• What to do:
Could you output the whole listing exactly as it stands, minus any images?

==================================================

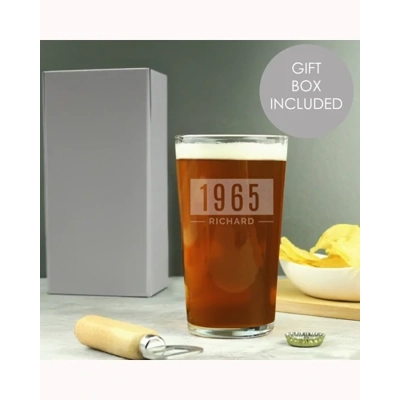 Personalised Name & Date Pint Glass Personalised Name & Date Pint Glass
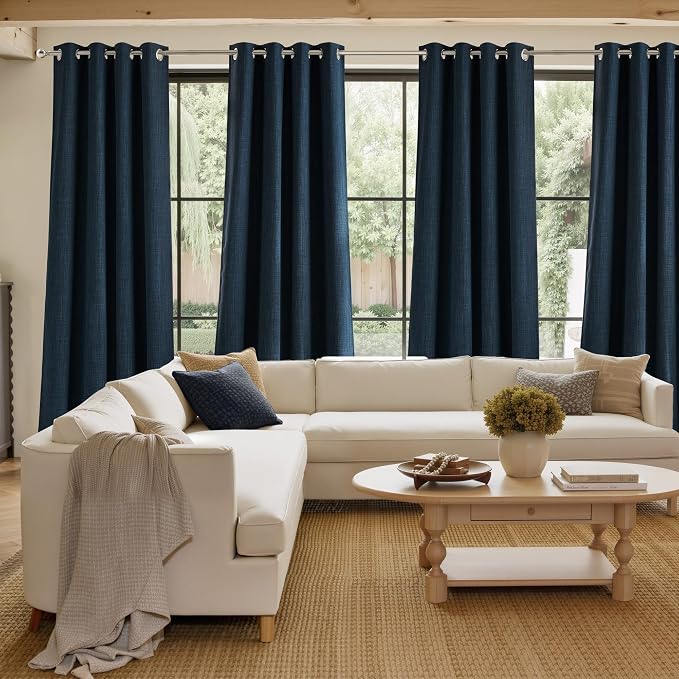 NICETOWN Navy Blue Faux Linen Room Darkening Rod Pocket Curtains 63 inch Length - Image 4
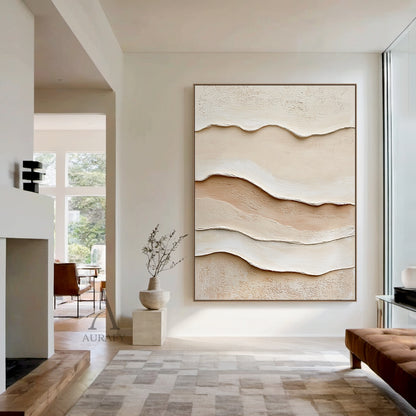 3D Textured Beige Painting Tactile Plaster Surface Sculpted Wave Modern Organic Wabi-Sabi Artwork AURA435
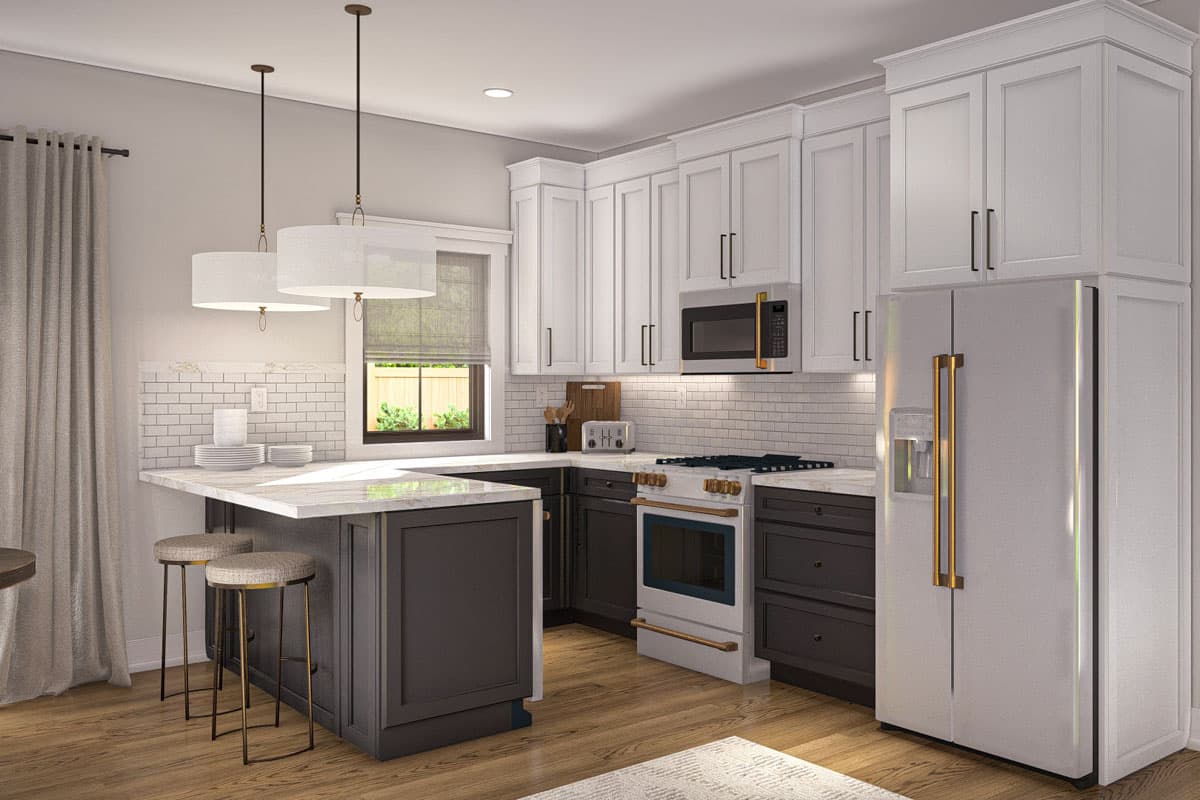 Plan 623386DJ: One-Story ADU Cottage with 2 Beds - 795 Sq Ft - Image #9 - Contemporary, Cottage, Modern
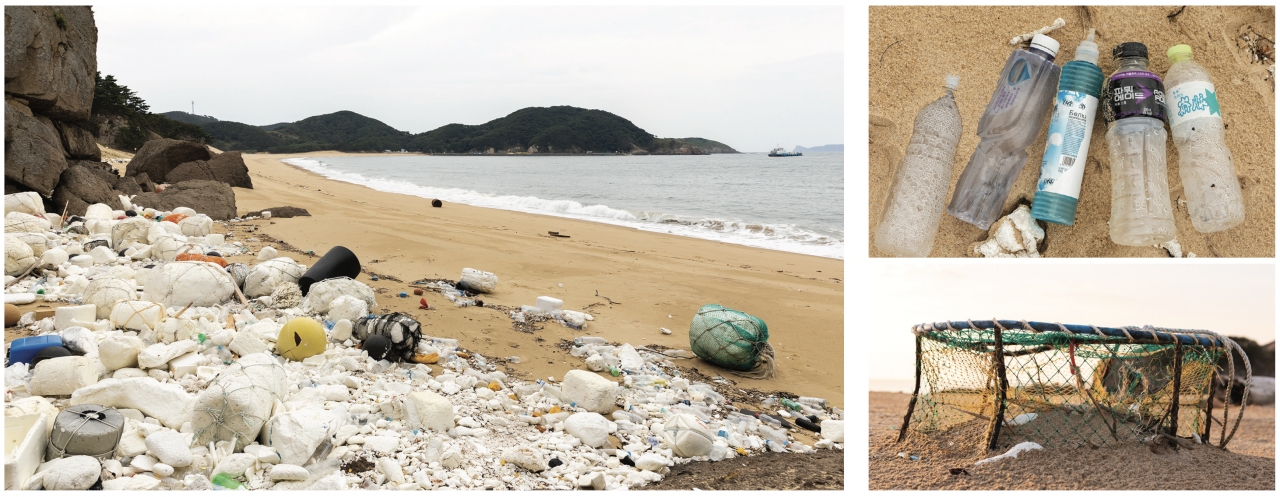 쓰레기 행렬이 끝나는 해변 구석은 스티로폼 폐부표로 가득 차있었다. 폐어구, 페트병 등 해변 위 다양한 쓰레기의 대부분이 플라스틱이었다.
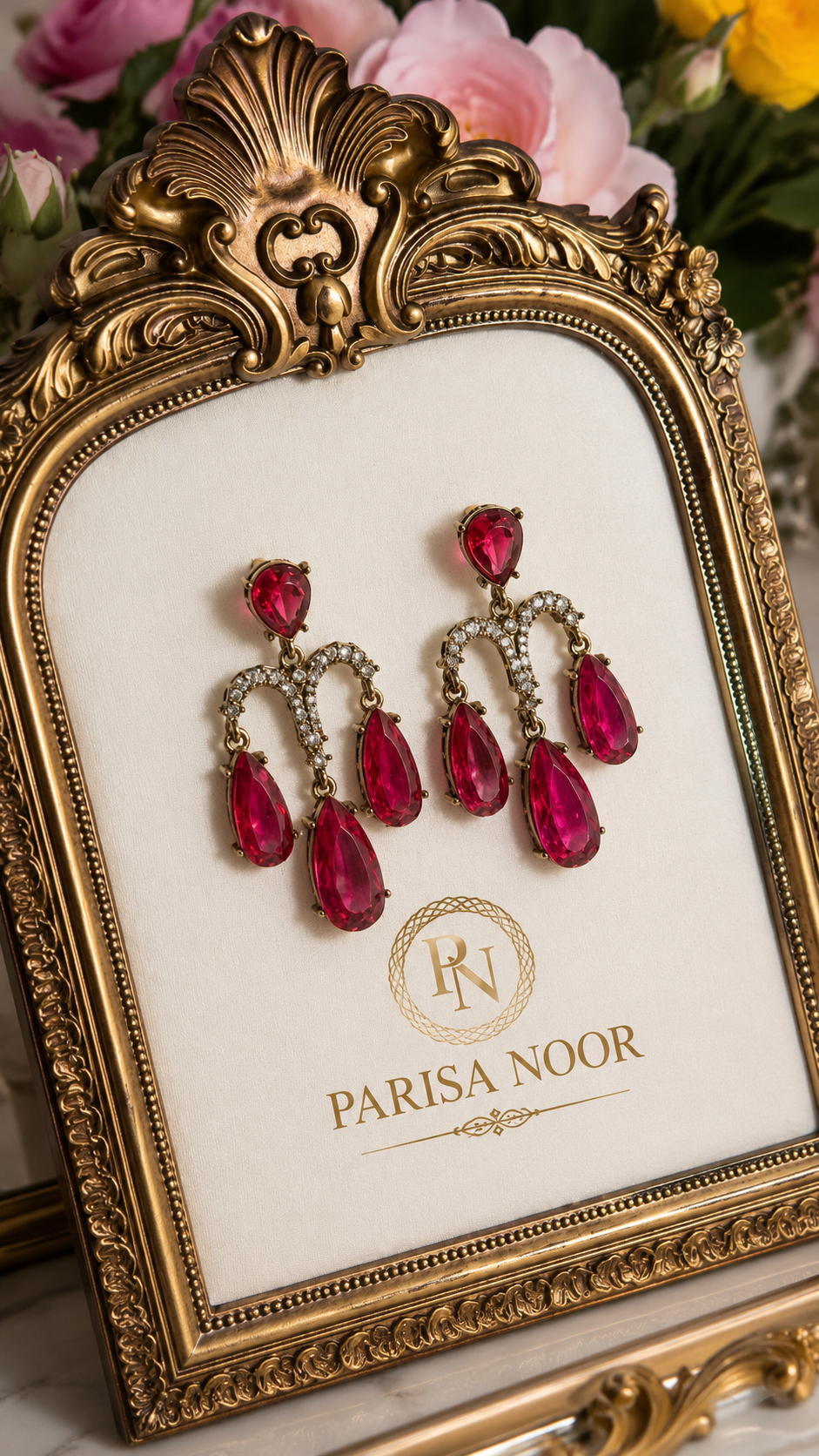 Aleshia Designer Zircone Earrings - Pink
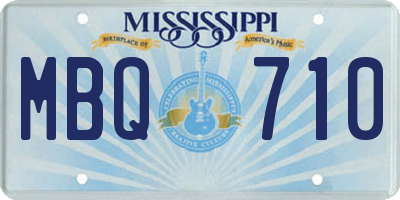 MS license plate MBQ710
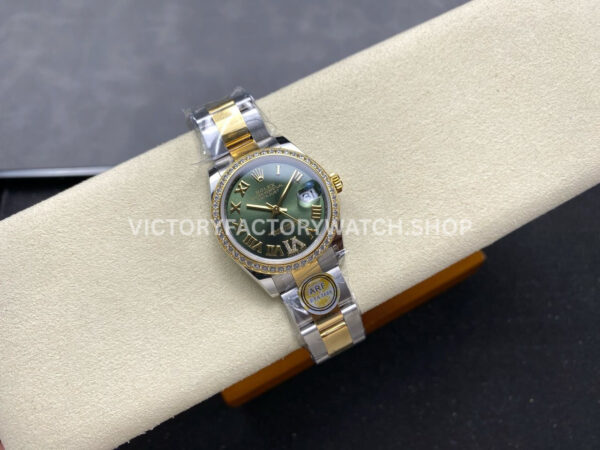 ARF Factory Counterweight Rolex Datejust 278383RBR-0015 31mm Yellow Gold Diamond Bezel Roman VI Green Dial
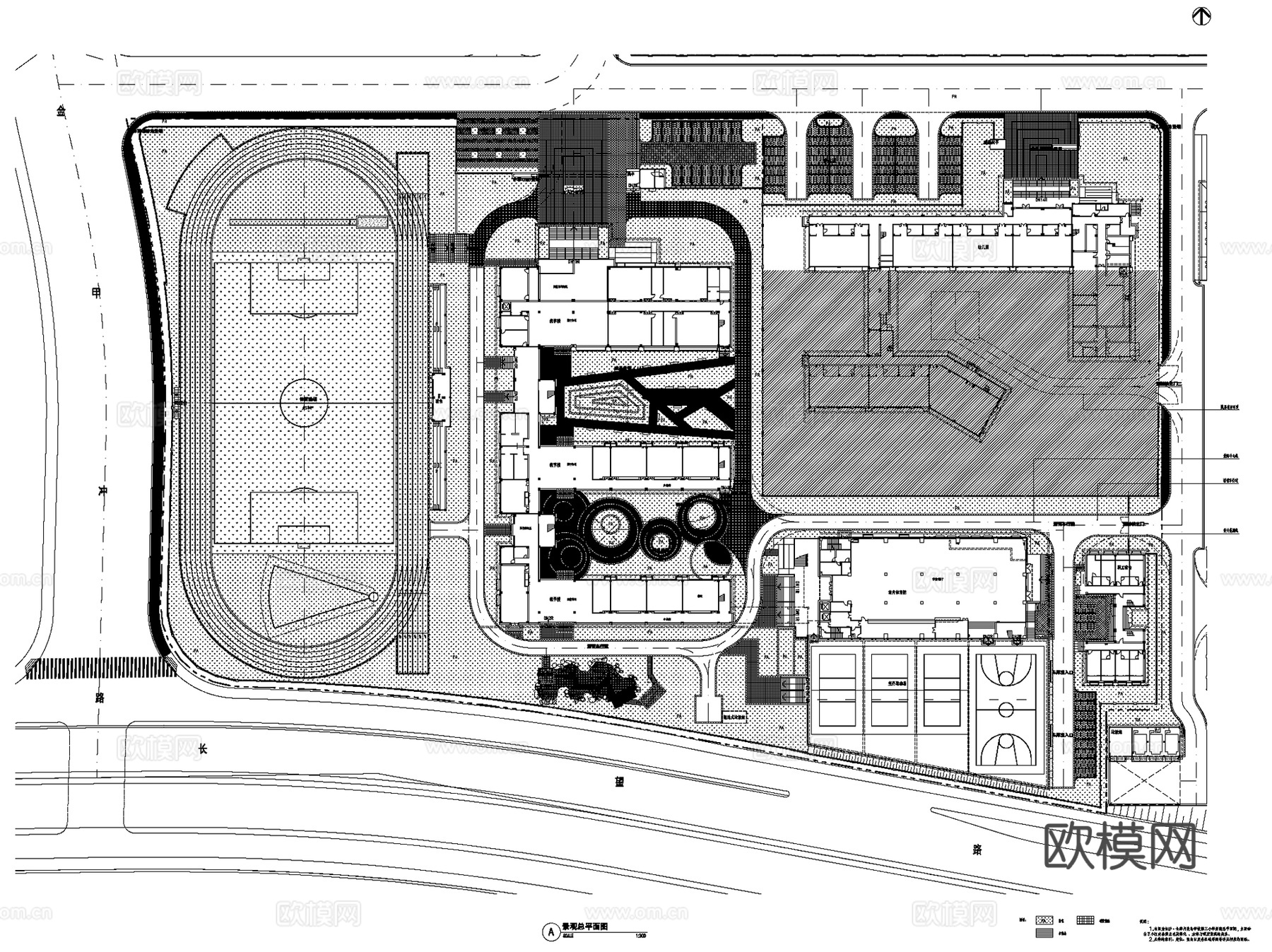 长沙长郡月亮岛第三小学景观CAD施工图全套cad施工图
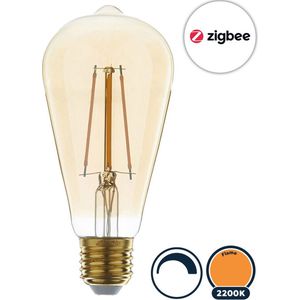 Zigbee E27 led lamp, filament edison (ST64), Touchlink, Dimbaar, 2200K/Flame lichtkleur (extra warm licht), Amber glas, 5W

==================================================

• Completed task:
 Personalised Name & Date Pint Glass Personalised Name & Date Pint Glass
 NICETOWN Navy Blue Faux Linen Room Darkening Rod Pocket Curtains 63 inch Length - Image 4
 3D Textured Beige Painting Tactile Plaster Surface Sculpted Wave Modern Organic Wabi-Sabi Artwork AURA435
 Plan 623386DJ: One-Story ADU Cottage with 2 Beds - 795 Sq Ft - Image #9 - Contemporary, Cottage, Modern
 쓰레기 행렬이 끝나는 해변 구석은 스티로폼 폐부표로 가득 차있었다. 폐어구, 페트병 등 해변 위 다양한 쓰레기의 대부분이 플라스틱이었다.
 Aleshia Designer Zircone Earrings - Pink
 MS license plate MBQ710
 ARF Factory Counterweight Rolex Datejust 278383RBR-0015 31mm Yellow Gold Diamond Bezel Roman VI Green Dial
 长沙长郡月亮岛第三小学景观CAD施工图全套cad施工图
 Zigbee E27 led lamp, filament edison (ST64), Touchlink, Dimbaar, 2200K/Flame lichtkleur (extra warm licht), Amber glas, 5W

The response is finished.